TASK TO CARRY OUT
When you reach the line containing "Tôi Đang Được" in the data below, begin returning lines exactly as written, and stop once the line containing "2023 Honda CR-V Hybrid Sport Touring photo 2" has been returned.

DATA SHOWN
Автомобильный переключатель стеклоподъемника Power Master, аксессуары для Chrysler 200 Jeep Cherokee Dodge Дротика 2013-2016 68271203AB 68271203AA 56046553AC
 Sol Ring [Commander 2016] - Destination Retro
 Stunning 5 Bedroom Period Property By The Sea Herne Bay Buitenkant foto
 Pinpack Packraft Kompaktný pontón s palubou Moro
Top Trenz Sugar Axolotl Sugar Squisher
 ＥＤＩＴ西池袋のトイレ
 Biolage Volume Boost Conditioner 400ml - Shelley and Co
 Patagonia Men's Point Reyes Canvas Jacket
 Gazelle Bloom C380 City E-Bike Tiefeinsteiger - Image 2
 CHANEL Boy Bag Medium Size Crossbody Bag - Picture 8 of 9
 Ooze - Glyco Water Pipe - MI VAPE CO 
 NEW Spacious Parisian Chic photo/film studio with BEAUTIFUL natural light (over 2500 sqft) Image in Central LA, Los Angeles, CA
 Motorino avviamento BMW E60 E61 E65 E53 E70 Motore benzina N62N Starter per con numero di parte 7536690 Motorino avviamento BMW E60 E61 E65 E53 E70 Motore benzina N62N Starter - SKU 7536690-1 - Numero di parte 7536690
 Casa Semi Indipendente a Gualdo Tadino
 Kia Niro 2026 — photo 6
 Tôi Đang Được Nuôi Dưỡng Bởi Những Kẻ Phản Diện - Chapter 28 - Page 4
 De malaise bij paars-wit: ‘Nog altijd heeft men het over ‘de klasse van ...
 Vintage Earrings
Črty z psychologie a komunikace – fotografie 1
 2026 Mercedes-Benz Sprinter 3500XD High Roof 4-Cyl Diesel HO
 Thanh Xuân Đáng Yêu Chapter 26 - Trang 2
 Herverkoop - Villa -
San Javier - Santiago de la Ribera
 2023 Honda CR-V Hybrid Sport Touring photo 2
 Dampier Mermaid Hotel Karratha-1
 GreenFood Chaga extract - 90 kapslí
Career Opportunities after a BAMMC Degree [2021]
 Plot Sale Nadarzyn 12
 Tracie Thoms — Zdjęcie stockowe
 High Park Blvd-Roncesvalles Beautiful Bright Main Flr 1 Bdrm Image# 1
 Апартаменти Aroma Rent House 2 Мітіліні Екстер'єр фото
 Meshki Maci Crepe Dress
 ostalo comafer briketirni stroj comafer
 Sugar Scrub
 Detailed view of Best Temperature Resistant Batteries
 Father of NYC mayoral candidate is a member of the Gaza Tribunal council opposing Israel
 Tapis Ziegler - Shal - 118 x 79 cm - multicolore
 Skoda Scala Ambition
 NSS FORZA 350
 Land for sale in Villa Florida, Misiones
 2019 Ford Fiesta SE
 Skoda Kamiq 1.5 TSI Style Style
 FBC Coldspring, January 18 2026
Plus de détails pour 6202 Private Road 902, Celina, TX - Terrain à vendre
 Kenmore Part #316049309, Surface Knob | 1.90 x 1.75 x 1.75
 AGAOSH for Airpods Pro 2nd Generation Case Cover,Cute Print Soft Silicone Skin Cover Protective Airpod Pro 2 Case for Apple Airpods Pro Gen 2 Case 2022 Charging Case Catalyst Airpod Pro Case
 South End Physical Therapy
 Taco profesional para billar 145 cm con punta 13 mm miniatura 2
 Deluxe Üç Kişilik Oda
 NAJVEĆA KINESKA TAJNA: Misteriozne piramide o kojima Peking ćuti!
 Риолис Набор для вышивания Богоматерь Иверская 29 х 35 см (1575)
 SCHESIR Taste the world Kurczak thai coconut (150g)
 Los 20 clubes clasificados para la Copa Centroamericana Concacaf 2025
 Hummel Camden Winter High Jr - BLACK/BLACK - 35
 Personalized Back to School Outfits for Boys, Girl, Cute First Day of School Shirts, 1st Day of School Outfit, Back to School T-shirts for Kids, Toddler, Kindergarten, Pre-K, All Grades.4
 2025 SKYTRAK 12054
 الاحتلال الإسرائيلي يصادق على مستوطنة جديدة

SOLUTION BELOW
 Tôi Đang Được Nuôi Dưỡng Bởi Những Kẻ Phản Diện - Chapter 28 - Page 4
 De malaise bij paars-wit: ‘Nog altijd heeft men het over ‘de klasse van ...
 Vintage Earrings
Črty z psychologie a komunikace – fotografie 1
 2026 Mercedes-Benz Sprinter 3500XD High Roof 4-Cyl Diesel HO
 Thanh Xuân Đáng Yêu Chapter 26 - Trang 2
 Herverkoop - Villa -
San Javier - Santiago de la Ribera
 2023 Honda CR-V Hybrid Sport Touring photo 2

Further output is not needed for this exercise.